_Material provided_
───

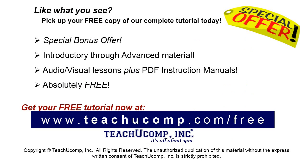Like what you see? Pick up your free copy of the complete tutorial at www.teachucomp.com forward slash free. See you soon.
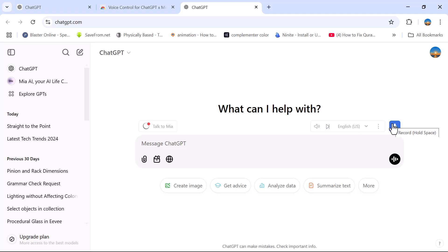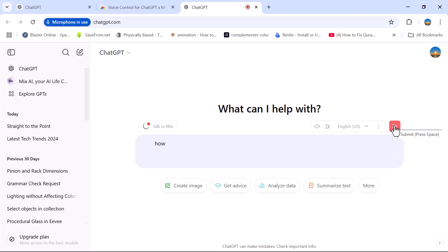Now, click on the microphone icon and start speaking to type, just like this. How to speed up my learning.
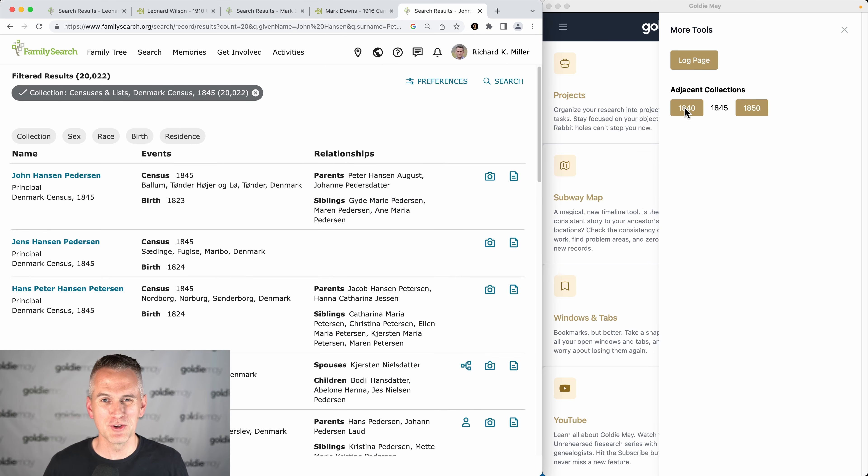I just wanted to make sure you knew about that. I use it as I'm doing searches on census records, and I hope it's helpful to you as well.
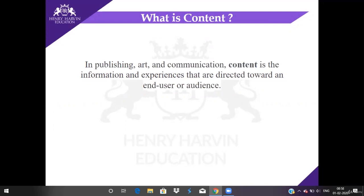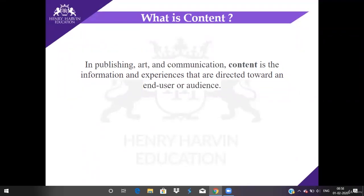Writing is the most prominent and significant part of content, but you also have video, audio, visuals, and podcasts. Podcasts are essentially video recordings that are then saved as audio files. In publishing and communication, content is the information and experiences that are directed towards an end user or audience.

───

_Task details_
Retype, word for word, only the lines from the line with "Now, click on" to the final line of the listing above; the pictures do not belong in the copy.

_Answer to this problem_
Now, click on the microphone icon and start speaking to type, just like this. How to speed up my learning.
I just wanted to make sure you knew about that. I use it as I'm doing searches on census records, and I hope it's helpful to you as well.
Writing is the most prominent and significant part of content, but you also have video, audio, visuals, and podcasts. Podcasts are essentially video recordings that are then saved as audio files. In publishing and communication, content is the information and experiences that are directed towards an end user or audience.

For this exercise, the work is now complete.